Task: Task for the records below: copy exactly, and only, the line containing "Framed Print : Theo" and every line after it to the end, with pictures left out.

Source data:
>>>>

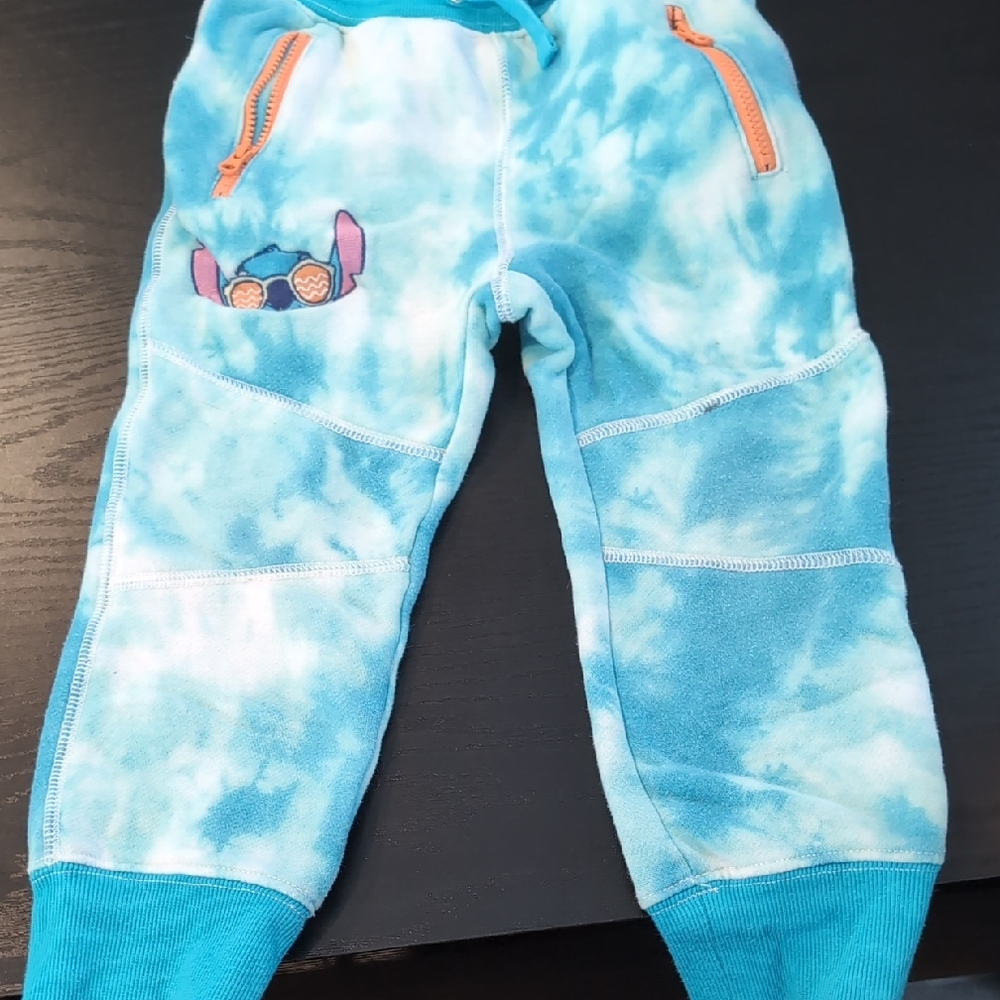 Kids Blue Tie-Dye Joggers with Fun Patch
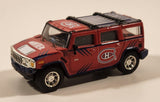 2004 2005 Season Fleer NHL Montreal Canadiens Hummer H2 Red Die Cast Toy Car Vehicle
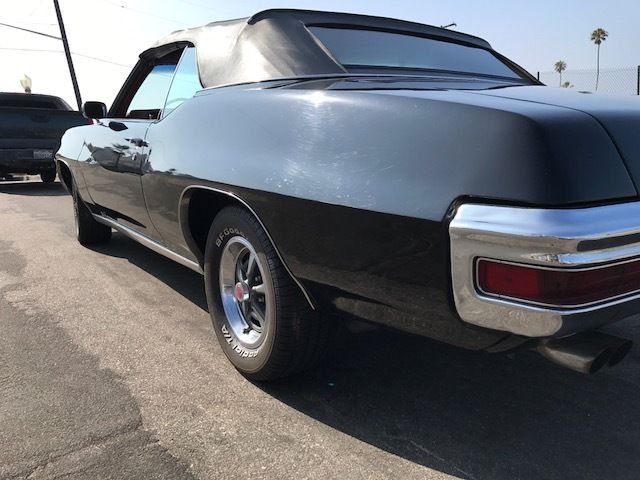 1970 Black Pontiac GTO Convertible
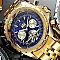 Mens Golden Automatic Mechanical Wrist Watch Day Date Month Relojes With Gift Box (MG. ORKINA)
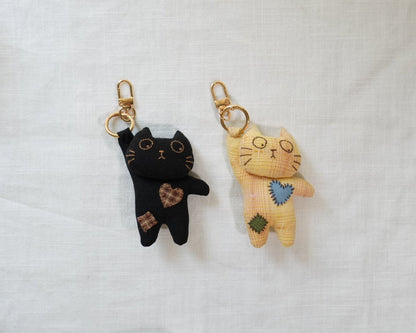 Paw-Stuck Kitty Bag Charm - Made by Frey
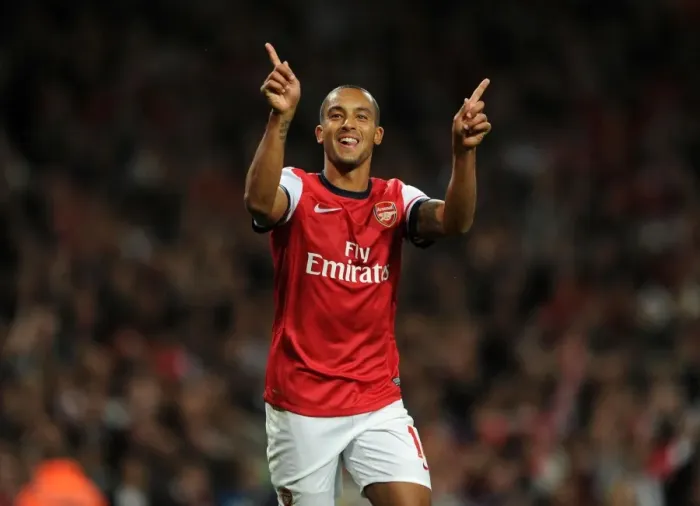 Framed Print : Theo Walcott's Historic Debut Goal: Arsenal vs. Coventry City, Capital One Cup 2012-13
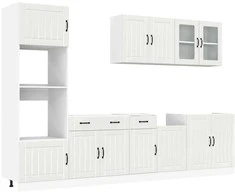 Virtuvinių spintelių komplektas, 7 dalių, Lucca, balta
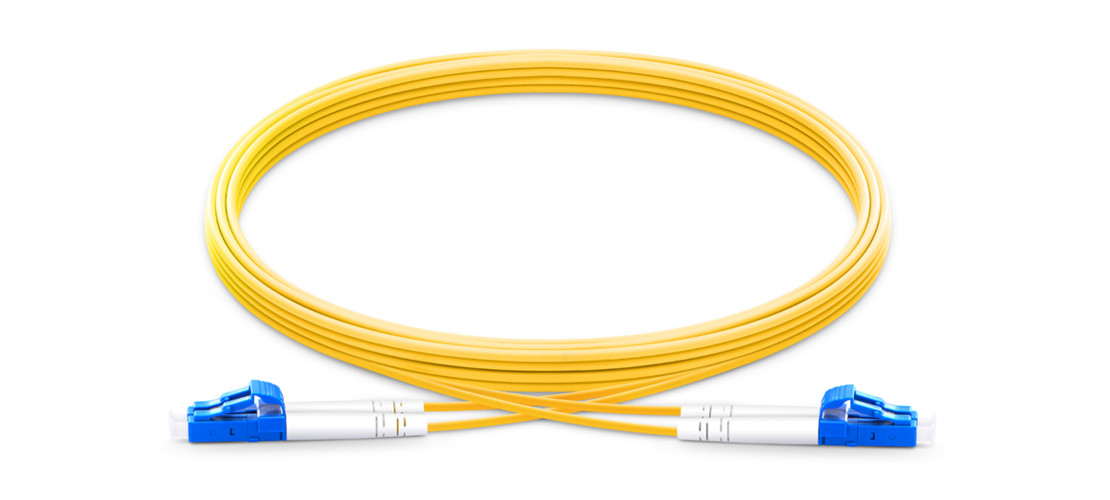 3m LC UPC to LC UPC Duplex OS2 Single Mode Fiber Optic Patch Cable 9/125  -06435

<<<<

Answer section:
 Framed Print : Theo Walcott's Historic Debut Goal: Arsenal vs. Coventry City, Capital One Cup 2012-13
 Virtuvinių spintelių komplektas, 7 dalių, Lucca, balta
 3m LC UPC to LC UPC Duplex OS2 Single Mode Fiber Optic Patch Cable 9/125  -06435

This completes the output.